- [Task instructions]:
Leave out all pictures while you copy the lines exactly from the one with "Vehicle Image 29" through the last line of the listing.
◆ ◆ ◆ ◆
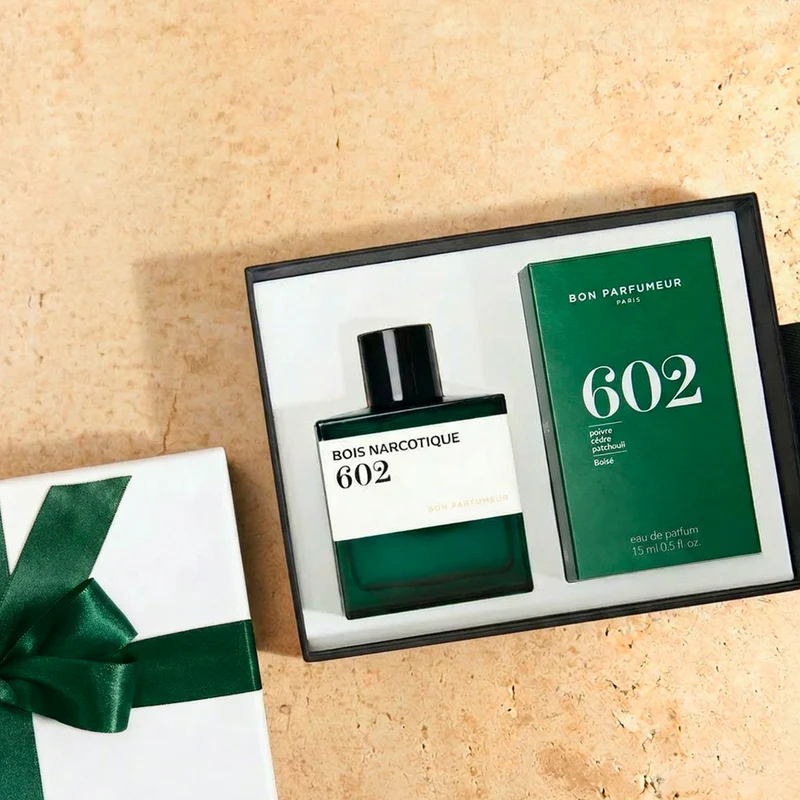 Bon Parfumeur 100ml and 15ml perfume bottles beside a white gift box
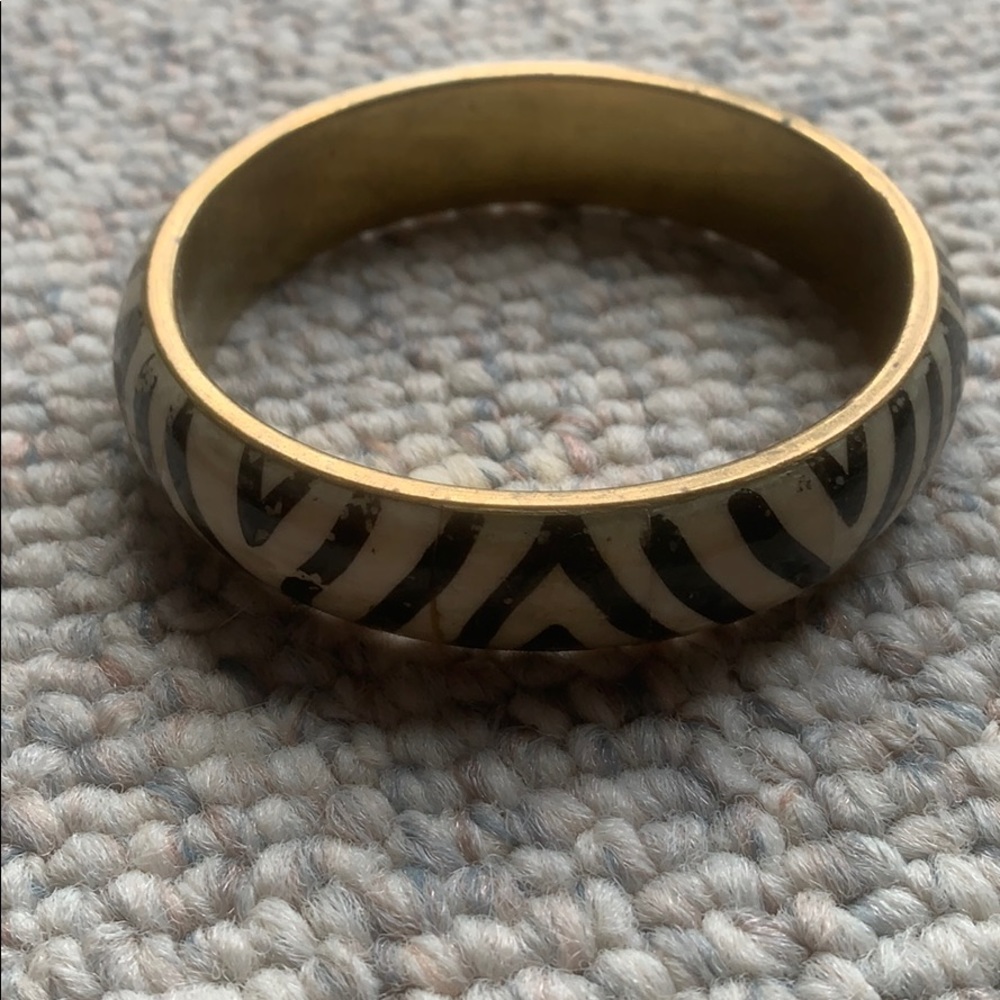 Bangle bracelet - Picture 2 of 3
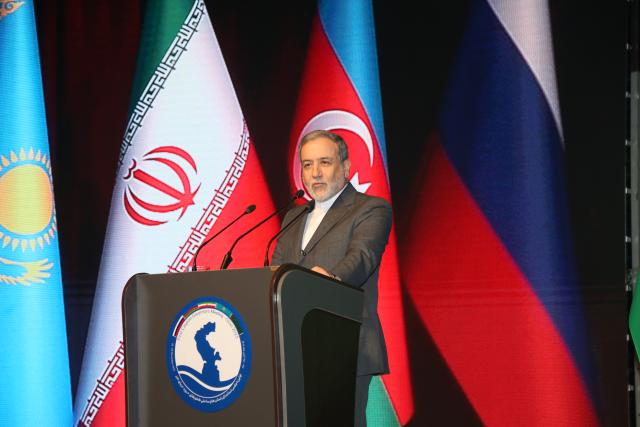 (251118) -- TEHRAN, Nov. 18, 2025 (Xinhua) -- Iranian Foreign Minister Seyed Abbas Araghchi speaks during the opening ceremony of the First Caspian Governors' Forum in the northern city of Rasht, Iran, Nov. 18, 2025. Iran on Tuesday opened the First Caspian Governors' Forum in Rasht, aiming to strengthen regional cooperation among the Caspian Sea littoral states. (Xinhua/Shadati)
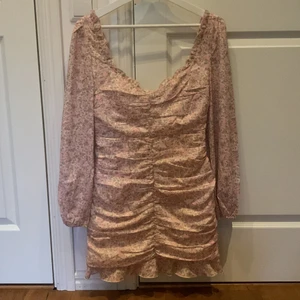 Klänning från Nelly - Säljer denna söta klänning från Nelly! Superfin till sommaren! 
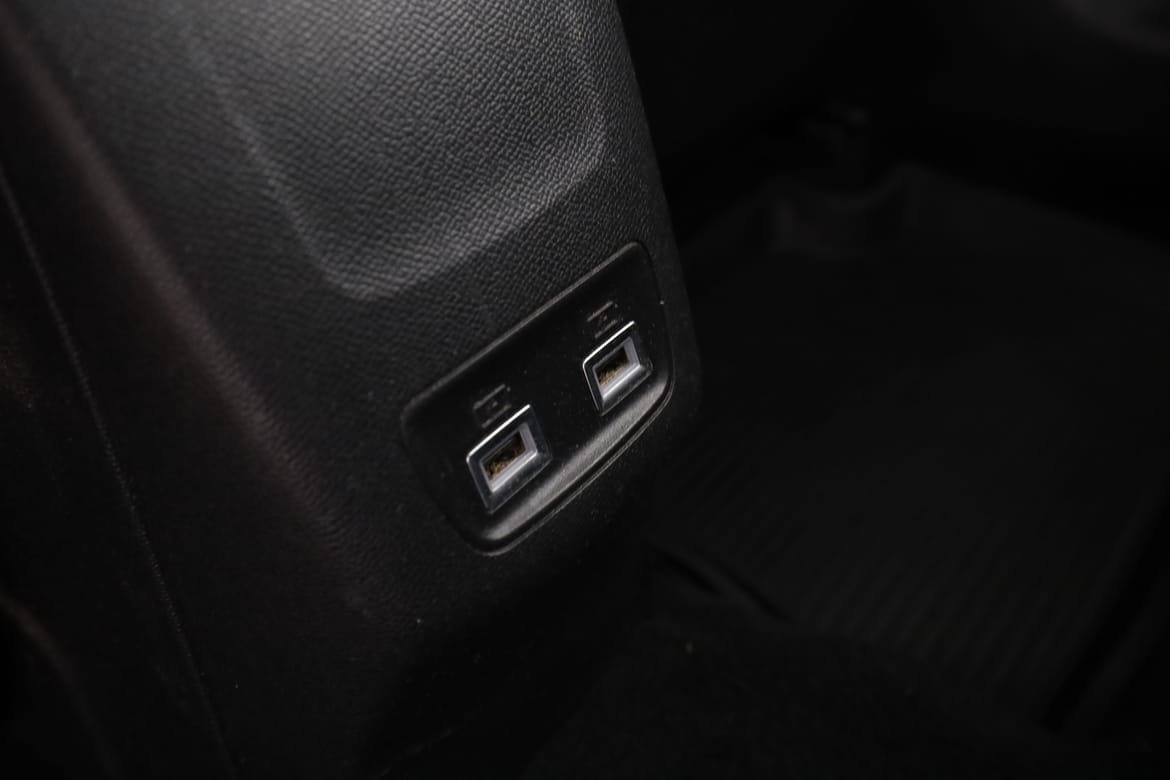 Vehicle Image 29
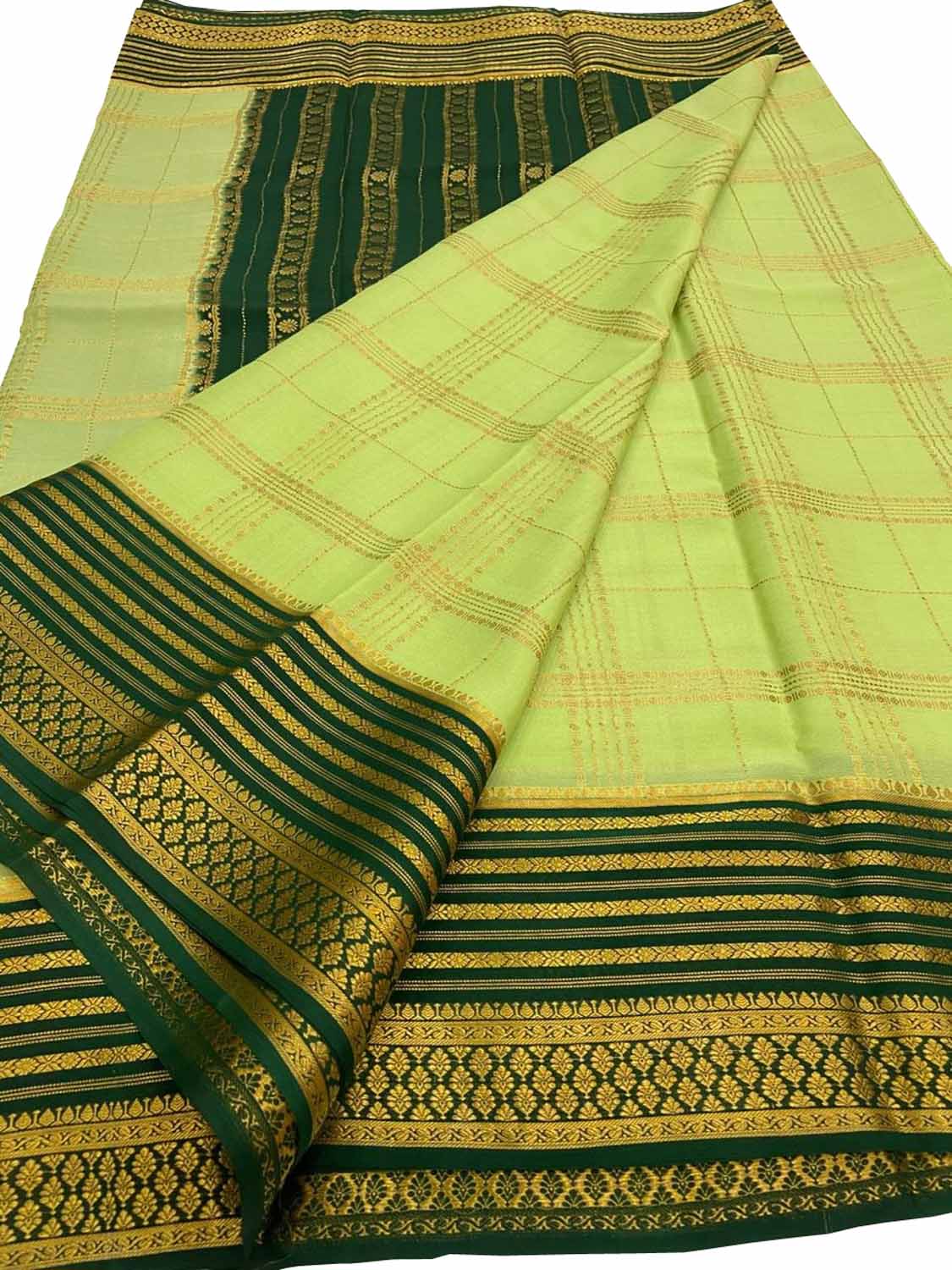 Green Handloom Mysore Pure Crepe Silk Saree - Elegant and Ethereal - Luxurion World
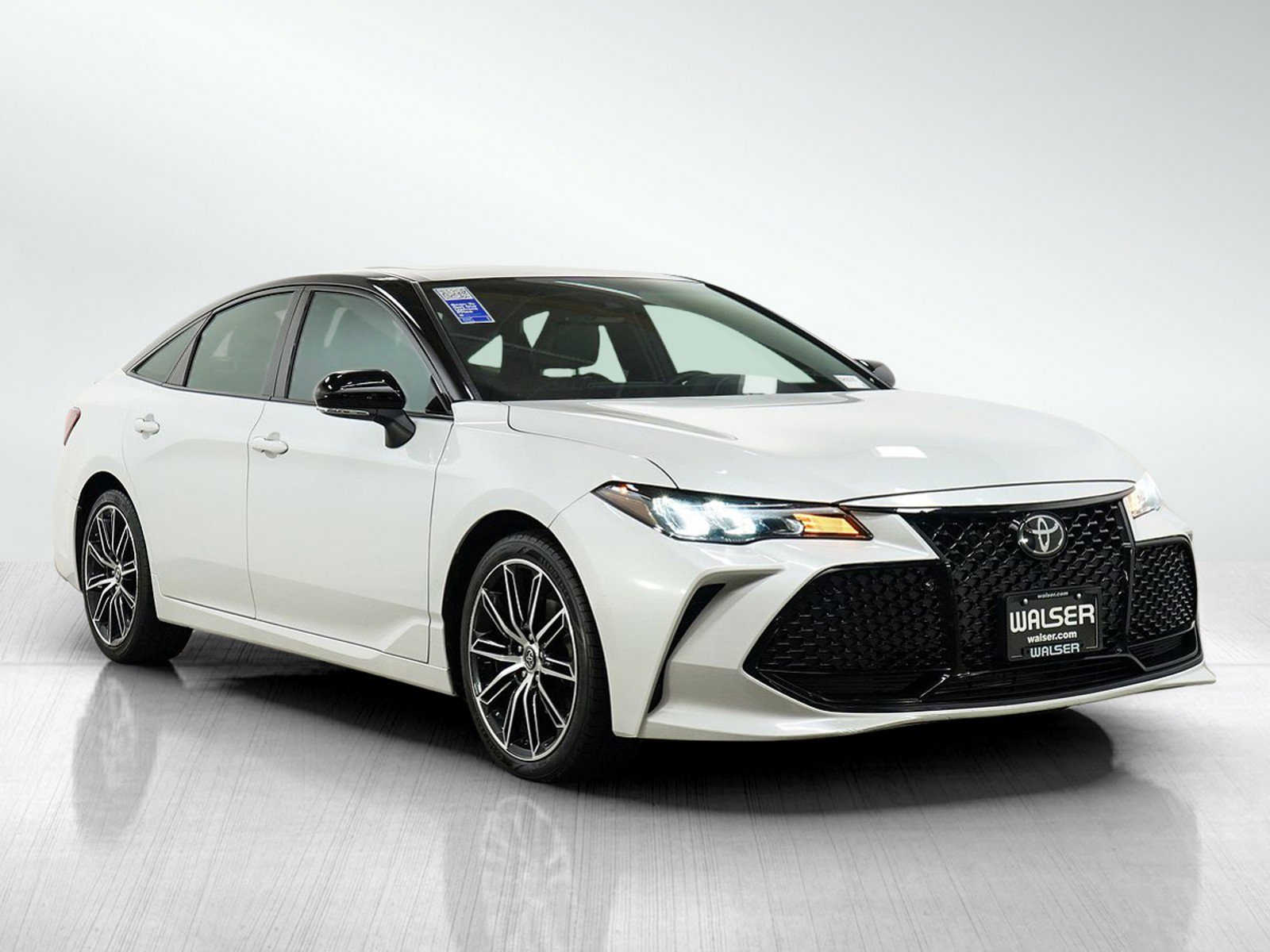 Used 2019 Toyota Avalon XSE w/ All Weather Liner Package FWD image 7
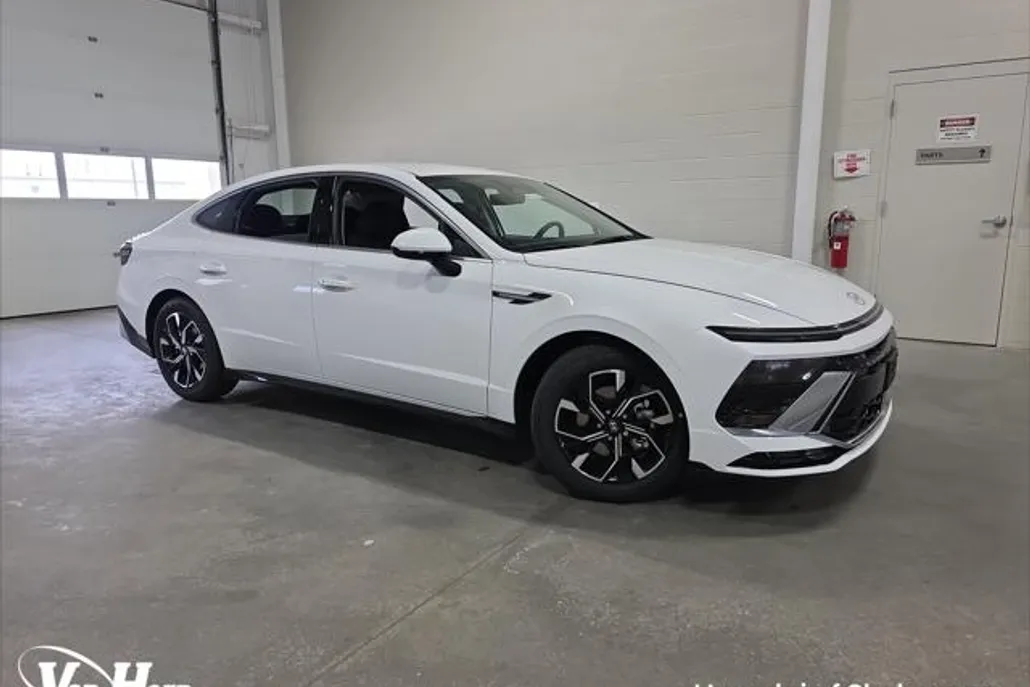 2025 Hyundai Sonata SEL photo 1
◆ ◆ ◆ ◆
- [Answer area]:
 Vehicle Image 29
 Green Handloom Mysore Pure Crepe Silk Saree - Elegant and Ethereal - Luxurion World
 Used 2019 Toyota Avalon XSE w/ All Weather Liner Package FWD image 7
 2025 Hyundai Sonata SEL photo 1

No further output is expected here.